As I have married and have kids of my own, I found lifestyle and raising children here is different. Parents are out almost the whole day, working.
While during holidays they spent it with their kids having good times. Travelling, going out of town. . . spending outside their homes. Making the a short memory for their family, usually spent during the school breaks.
While I thought, that giving them few things, providing good foods on the table, letting them play outside and with friends they want to hang out with, and letting them know how hard I am working for their needs were sending them the message of love, as a parent does.
Sure their father can provide this all. But I never thought that they desired me more being at home. Caring less of the house works and minute details, that's been keeping me away from their company. While I am all consumed at making the house clean and all ready for the next whole week for work and school, I never thought of seriously giving them what they really want to do, aside from finding me at home when not at work.
Realizing all these, making my heart loaded heavily with guilt, I thought I owe my kids a lot.

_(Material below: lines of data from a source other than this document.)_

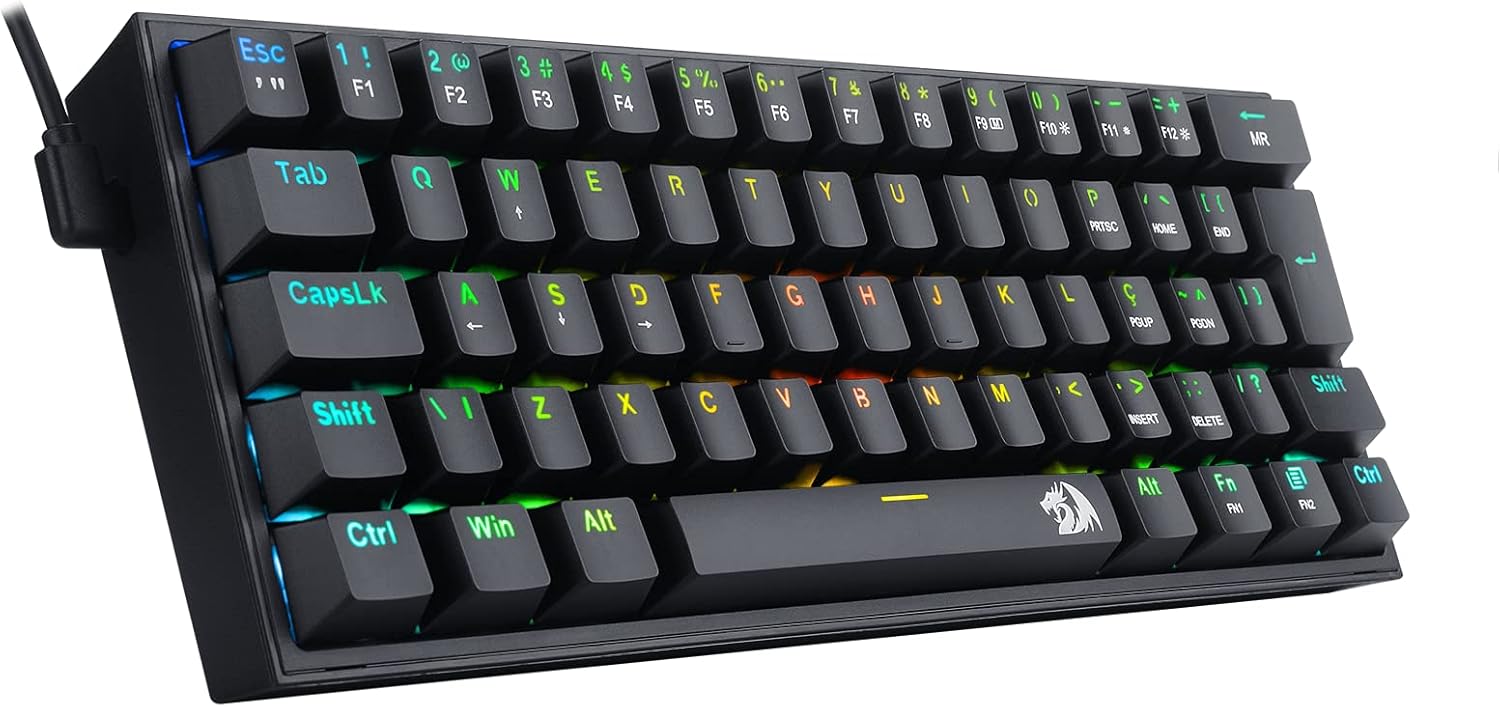 Redragon TECLADO MECANICO GAMER FIZZ RGB PRETO SWITCH AZUL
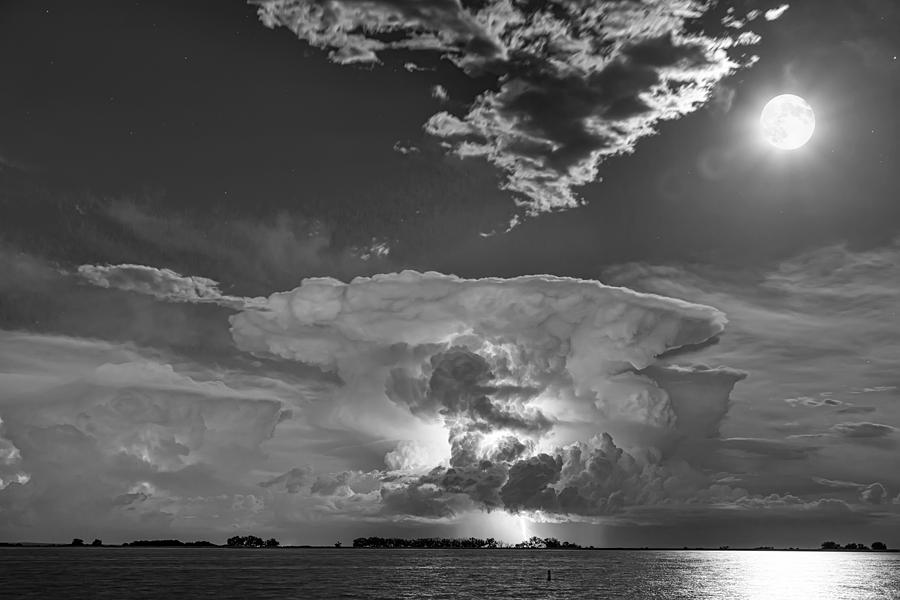 Mushroom Thunderstorm Cell Explosion And Full Moon Bw Photograph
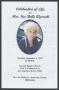 Primary view of [Funeral Program for Ira Belle Wysacki, September 4, 2012]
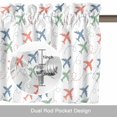 thumbnail image 6 of Art Aircraft Valance Curtain for Windows Blue Green Orange Cartoon Airplane Watercolor Retro Rod Pocket Curtain Valances Short Window Treatments for Kitchen Bathroom Laundry Basement 42 x 18 Inch, 6 of 9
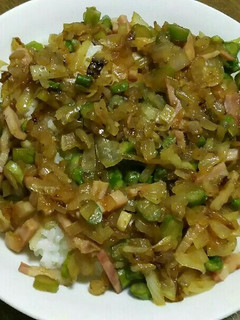 ベーコンアスパラ玉ねぎの焼き肉のたれ炒め-レシピのメイン写真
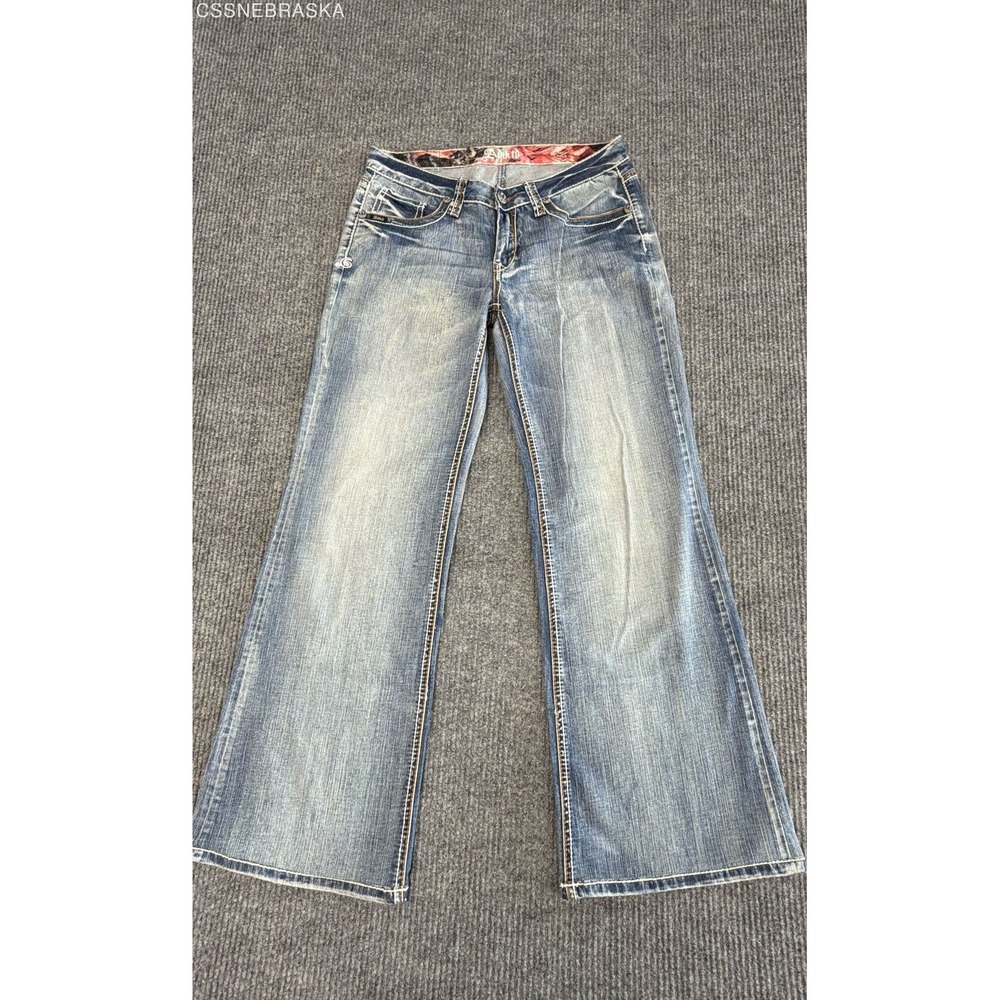 Adiktd Women's Blue Flare Wide Leg Jeans Distressed Long Inseam Sz 10/W31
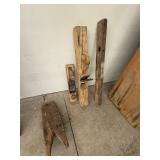 Antique Primitive Wooden Hand Tool Lot Planes Farm Salvage Decor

But thanks to God and to that friend.
I made it a point to make holidays, and weekdays and long Summer vacations memorable for them. And been doing this seven years now, and has been a yearly challenge for me. My choice of getting a new job made it so. I can be with them whenever school break is. I can take them to places, I never imagined I could if I was stucked in a kind of job that, though it gives promising salary, I could never have the chance to give them (my children) memorable experiences they can share.
I am able to give them good memories of childhood, that I never had imagined but can't afford during my own childhood. This past few years they eagerly share their fun and exciting stories with their friends. Of how they spent their holidays and school breaks, without feeling behind, or lost with the rest's of friend's stories.
As far as maternal role is concerned, I think I'm doing well this past seven years. Taking time, planning things with them and after which getting points to improve plans. With how the past Summer had been, and ofcourse considering the budgets and expenses which entails with each plans. How to make next year's school break more memorable for us, for them.
My daughter is now 14yrs old and we sometimes share few exciting places where I took them for a treat, and where she enjoyed, and also to places she isn't satisfied with. As for my son is now 10yrs old, though he's have in mind so many places to go, I am well confident that he can share with friends his own memorable Summer school breaks with everyone, though not as grand as others were. But I am confident that they're not feeling left out. And they don't need to stay at home for the rest of the school break at home. I've noticed they have so much to share since I have started to be a mother first above all life's priority, sharing time with their short span of childhood.